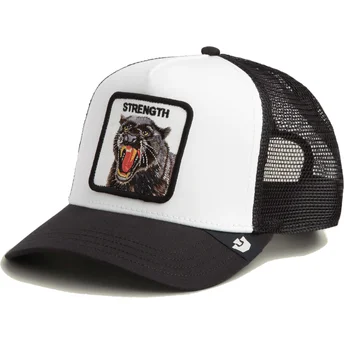 Czapka trucker biało-czarna pantera Strength Panther The Farm od Goorin Bros.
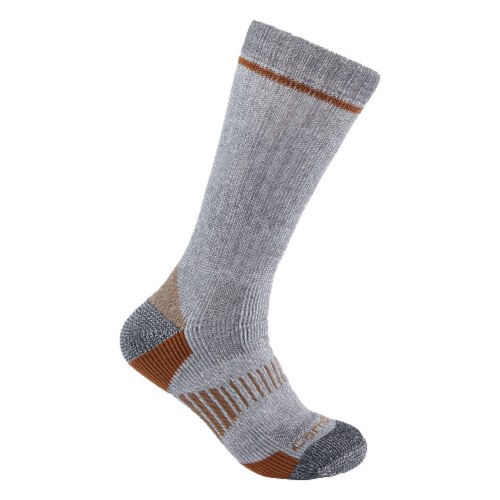 Carhartt® Men's Midweight Synthetic-Wool Blend Large Steel Toe Boot Sock Pack - Grey Perspective: right
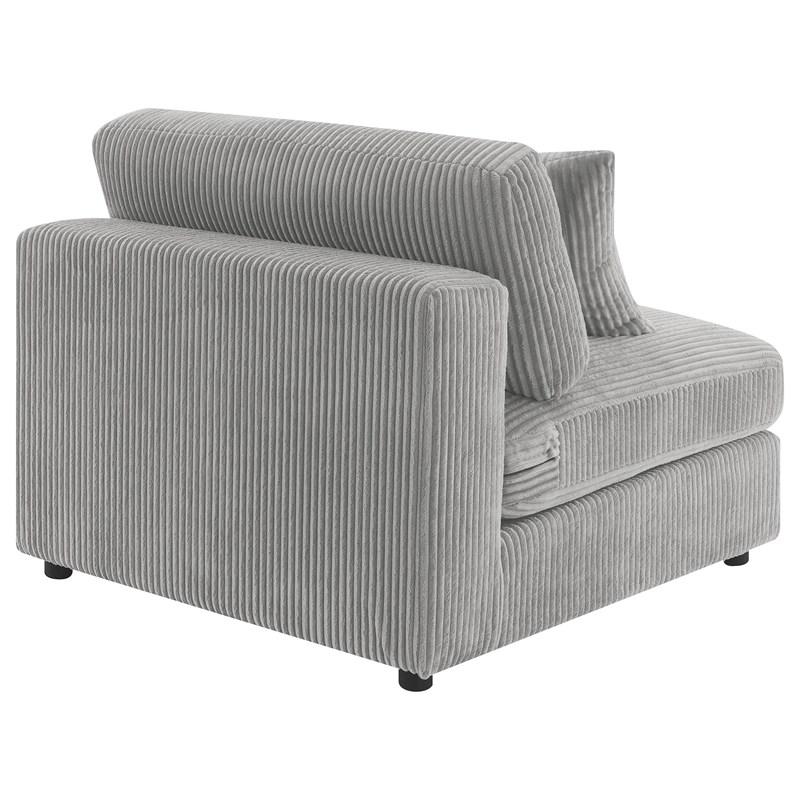Large Picture of Coaster Furniture Blaine 509997 Upholstered Armless Chair - Fog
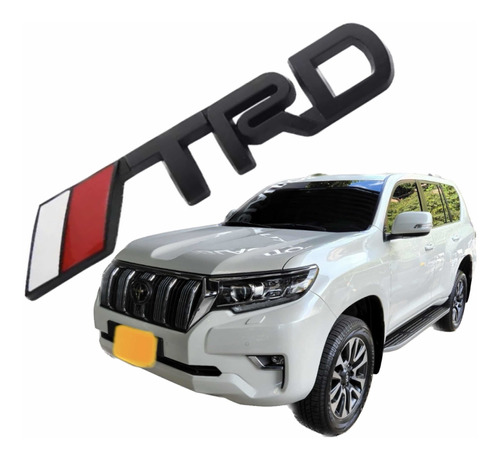 Emblema Trd Metálico 3d Negro Toyota Racing Accesorio Lujo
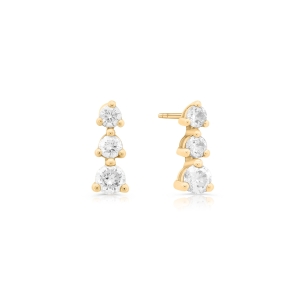 Kolczyki z diamentami z żółtego złota 0,71ct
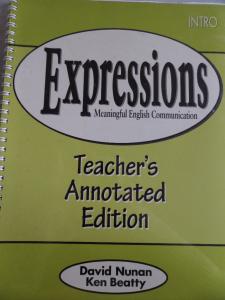 Expressions Teacher's Annotated Edition Intro
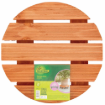 Image de SUPPORT ROULANT BOIS MASSIF 40 cm ROND - Unité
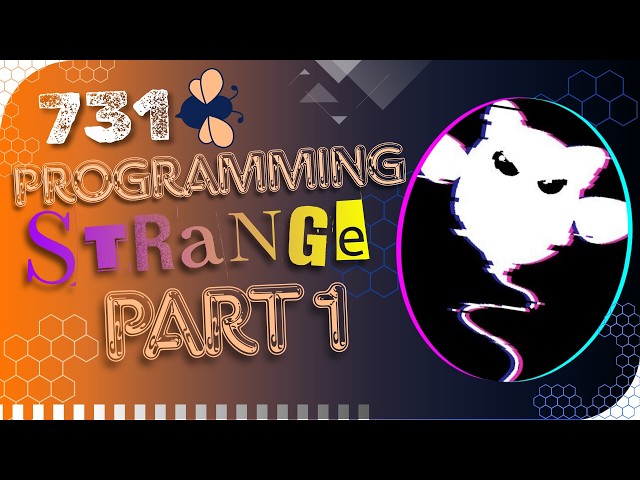Intro to Programming Strange 1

··········

Problem statement:
No pictures belong in the copy. Retype exactly, and only, the lines from the line containing "Large Picture of" through the last line of the data, both included.

Your response:
Large Picture of Coaster Furniture Blaine 509997 Upholstered Armless Chair - Fog
 Emblema Trd Metálico 3d Negro Toyota Racing Accesorio Lujo
 Kolczyki z diamentami z żółtego złota 0,71ct
 Expressions Teacher's Annotated Edition Intro
 Image de SUPPORT ROULANT BOIS MASSIF 40 cm ROND - Unité
Intro to Programming Strange 1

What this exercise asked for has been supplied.